La prima cosa che colpiva era naturalmente la folla che accorreva in massa a prendere d’assalto i botteghini già prima dell’apertura delle porte del salone. Una volta all’interno, la manifestazione era talmente grande da perdersi, al punto di prendere la mappa degli espositori, penna e scegliere e cerchiare cosa andare a vedere. Le cose impressionanti erano più di una: dalla quantità incredibile di gadget data dagli espositori, all’incredibile numero di marchi presenti e di automobili e motociclette da sogno in bella mostra, a due passi.

Un fermo immagine che ho stampato nella mente è la Porsche Carrera GT, presentata pochi mesi prima dalla Casa di Zuffenhausen, che spiccava in mezzo a qualunque cosa. Ricordi più o meno vividi mi richiamano alla memoria una Ferrari Enzo e una Ferrari F2003-GA su cui mi sedetti, sulla gomma anteriore sinistra, per fare una foto ricordo. Fu anche la prima volta che vidi delle MotoGP, tra cui quella Ducati Desmosedici che stavo orribilmente dipingendo, alle scuole medie, per farne un appendichiavi da parete durante le ore di laboratorio di Educazione Tecnica, o la RC 211V campionessa del mondo con il numero ’46’ sul cupolino e sul codone.

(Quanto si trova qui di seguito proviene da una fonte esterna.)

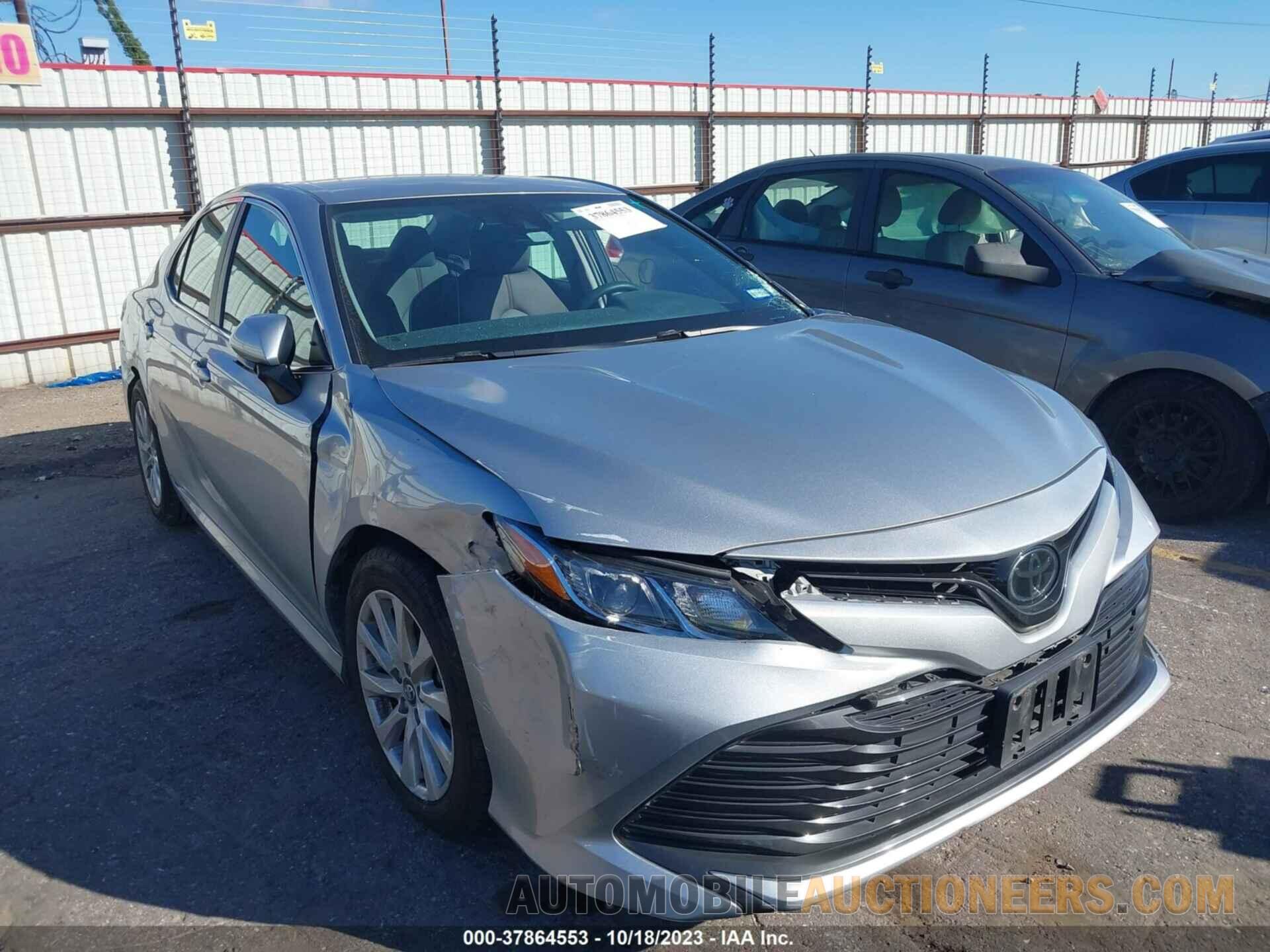 4T1B11HK4JU140916 TOYOTA CAMRY 2018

C’è un’altro ricordo impresso nella memoria, come se fosse oggi: la sensazione di smarrimento giunte le 18, quando fu ora di tornare a casa. Avevo visto le auto e le moto che ammiravo da davanti alla TV, visto le gare di motard nell’area 48 con i piloti del motomondiale e stando a due passi da Loris Capirossi, che non mi immaginavo potesse essere alto quasi quanto me, ma velocissimo su quella bestia rossa. Non ne volevo sapere di tornare a casa, non mi sembrava vero di dover tornare nel mondo reale dopo aver toccato il cielo con un dito. Anche i miei genitori rimasero piacevolmente colpiti da ciò che videro durante quella giornata, anche loro alla prima volta al salone. Questo era ciò che riusciva a fare il Motor Show di Bologna degli anni d’oro: proiettare bambini, ragazzini e adulti in un mondo da sogno, forse addirittura troppo bello per essere reale. 

Oggi, purtroppo, di quel Motor Show si fa fatica quasi a trovare il logo su internet. Non ci sono canali ufficiali che ne tengono in vita la storia, lasciando tutto il compito alle emozioni ancora scolpite nei ricordi degli undicenni di allora, che vorrebbero non essere mai usciti da BolognaFiere.